Разумеется, обманные огни можно было зажигать и в других местах, но это обвинение снял с барона венгерский исследователь Иштван Чекеи. Его интерес к нему пробудил роман Мора Йокаи Башня на Даго. После окончания Первой мировой войны Чекеи начал преподавать в университете в Тарту; здесь он изучил в местном архиве материалы судебного процесса 1802 года и обнаружил, что о фальшивых маяках на суде не было и речи, обвинение в убийстве моряков также не выдвигалось. Барон всего лишь вылавливал и присваивал грузы с потерпевших крушение кораблей, не соблюдая, правда, регламентировавшие этот промысел нормы берегового права[10]. По мнению Чекеи, подлинной причиной столь сурового приговора стала земельная тяжба между ним и прежним владельцем Гогенхельма, его университетским товарищем графом Штенбоком, который в то время занимал должность эстляндского генерал-губернатора и использовал свое служебное положение для борьбы с конкурентом. Видимо, его стараниями в Ревеле сразу после процесса вышла анонимная брошюра, где впервые была обнародована версия о пиратстве барона. Весь тираж скупила и уничтожила семья подсудимого, уцелел единственный экземпляр[11].

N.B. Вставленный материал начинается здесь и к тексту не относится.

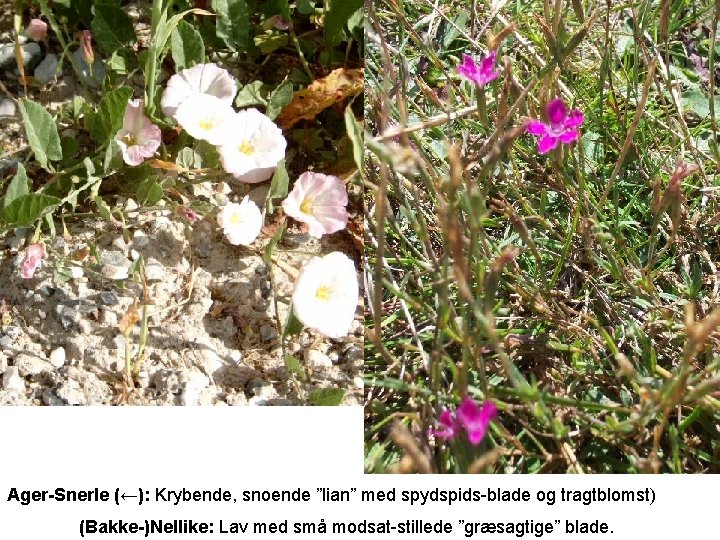 Ager-Snerle (←): Krybende, snoende ”lian” med spydspids-blade og tragtblomst) (Bakke-)Nellike: Lav med små modsat-stillede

Чекеи увидел в Унгерн-Штернберге не кровожадного разбойника в чине камергера и с университетским образованием (это-то и волновало!), а трагическую жертву собственной исключительности в грубой и чуждой ему провинциальной среде: Барон был человеком прекрасного воспитания, необыкновенно начитанным и образованным. С молодости он вращался в высших сферах, был бесстрашным моряком, знающим и трудолюбивым землевладельцем, хорошим отцом. Он был строг и к себе, и к окружающим, при этом справедлив, славился щедростью и проявлял заботу о своих людях. Для них он построил церковь. Он страдал ностальгией по прошлой жизни и отличался нелюдимостью. Местная знать не могла по достоинству оценить незаурядную личность барона.

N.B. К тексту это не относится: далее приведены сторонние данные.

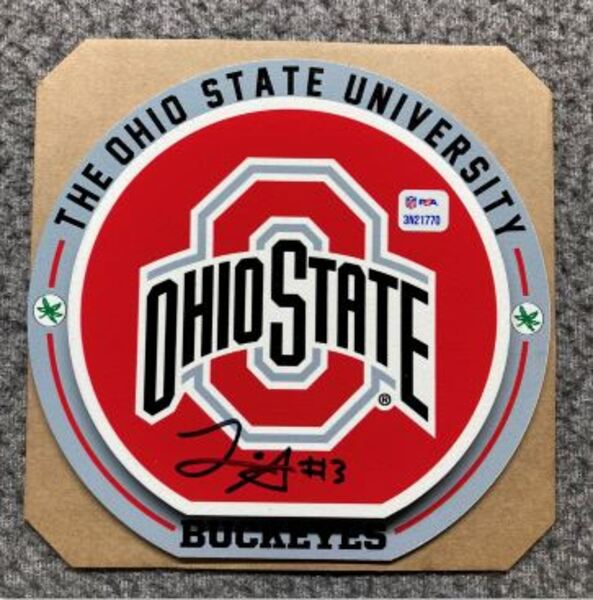 NFL - Ohio State Lorenzo Styles Signed 3D Metal Wall Art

Если бы праправнук прочел эту характеристику, он мог бы применить к себе почти каждое слово. Роман Федорович Унгерн-Штернберг обладал теми же феодальными добродетелями, какие приписывал Чекеи своему герою, храбростью, щедростью, стремлением заботиться о подчиненных. Точно так же он слыл нелюдимом и страдал от непонимания окружающих. Он тоже получил хорошее воспитание, знал языки, компетентно рассуждал о буддизме и конфуцианстве, что не мешало ему жечь людей живьем и отдавать воспитанниц Смольного института на растерзание солдатне. Тип палача-философа только еще входил в жизнь Европы, и современники замирали перед ним в растерянности. Чтобы устранить это противоречие, одни искренне считали вымыслом жестокость Унгерна, другие столь же искренне подвергали сомнению его образованность. Первые предпочитали говорить о вынужденной суровости при поддержании дисциплины; вторые, вопреки фактам, называли барона дегенератом.

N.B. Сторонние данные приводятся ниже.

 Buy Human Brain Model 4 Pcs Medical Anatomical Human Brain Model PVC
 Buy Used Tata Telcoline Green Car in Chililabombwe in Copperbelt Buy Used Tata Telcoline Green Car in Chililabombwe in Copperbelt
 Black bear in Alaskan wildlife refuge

Приблизительно так же Чекеи воспринимал его прапрадеда. Он был уверен, что этот начитанный и даровитый человек не мог быть пиратом и пострадал дважды: сначала от судебного произвола, затем от фантазии романистов и поэтов. Однако легенды редко возникают на пустом месте. Было, значит, в хозяине Даго нечто такое, что заставляло верить истории о ложном маяке или обманных огнях, как позднее верили любому слуху о свирепости его потомка.
Символично, что по приезде из Польши в Петербург Отто-Рейнгольд-Людвиг Унгерн-Штернберг русифицировал второе из трех своих имен и превратился в Романа, и это же имя при поступлении в гимназию получил его праправнук, при крещении названный иначе.
Роберт и Роман. от Австрии до Амура
1В плену Унгерн сказал, что не считает себя русским патриотом, и своей родиной назвал Австрию. Действительно, родился он не на Даго, как обычно указывается, а в австрийском Граце. Точная дата его рождения долго оставалась спорной, лишь недавно американский историк Уиллард Сандерленд съездил в Грац, нашел лютеранскую церковь, где крестили Унгерна, и по записи в церковно-приходской книге установил ее окончательно 10 (22) января 1886 года[12].
По принятой в немецких дворянских семьях традиции, позволяющей иметь не одного небесного покровителя, а троих, мальчик при крещении получил тройное имя Роберт- Николай-Максимилиан. Позднее последние два были отброшены, а первое заменено наиболее близким по звучанию начального слога славянским Роман. Оно ассоциировалось и с фамилией царствующего дома, и с суровыми добродетелями древних римлян, и к концу жизни стало казаться как нельзя более подходящим его обладателю, чья отвага и фанатичная преданность свергнутой династии были широко известны. По отцу, Теодору-Леонгарду-Рудольфу, сын стал Романом Федоровичем.